Information provided:
________________

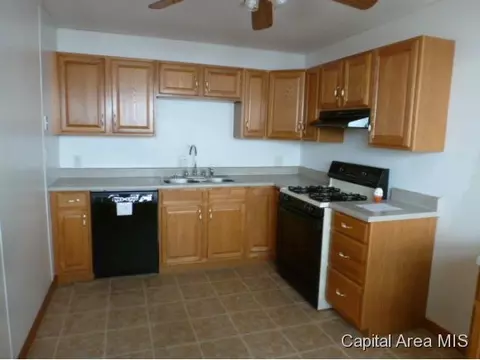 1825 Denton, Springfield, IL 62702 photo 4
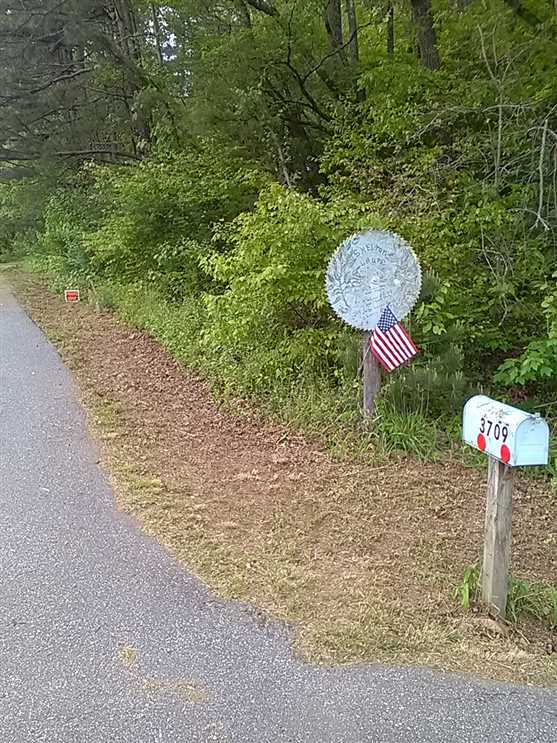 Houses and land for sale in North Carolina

________________

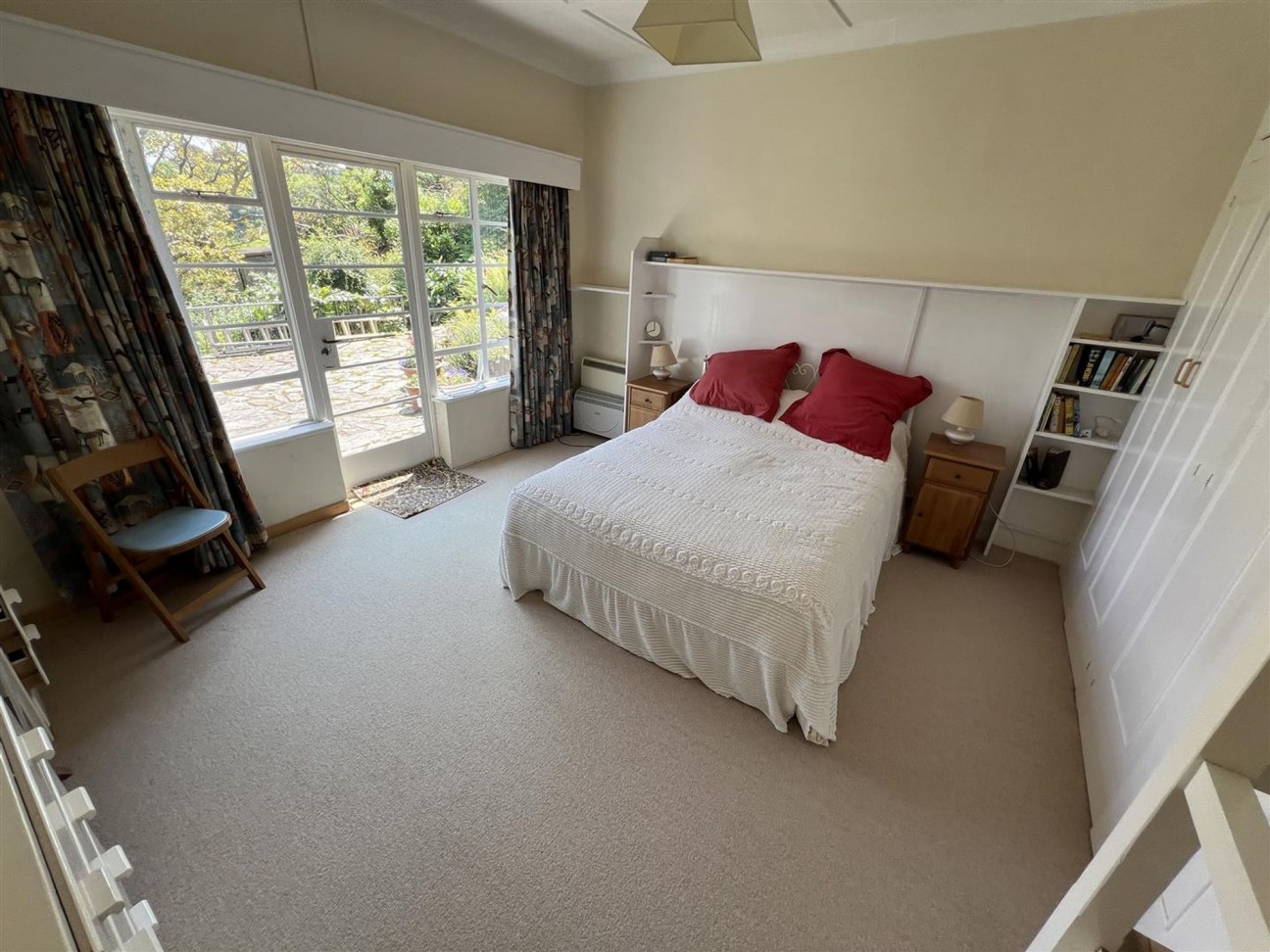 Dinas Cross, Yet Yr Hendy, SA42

________________

Task goal: The data above holds the lines to copy: start at the one with "1825 Denton, Springfield, IL 62702 photo 4", stop at the one with "Houses and land for sale in North Carolina", include both, copy them exactly without pictures, and copy nothing else.

Solution for this exercise:
 1825 Denton, Springfield, IL 62702 photo 4
 Houses and land for sale in North Carolina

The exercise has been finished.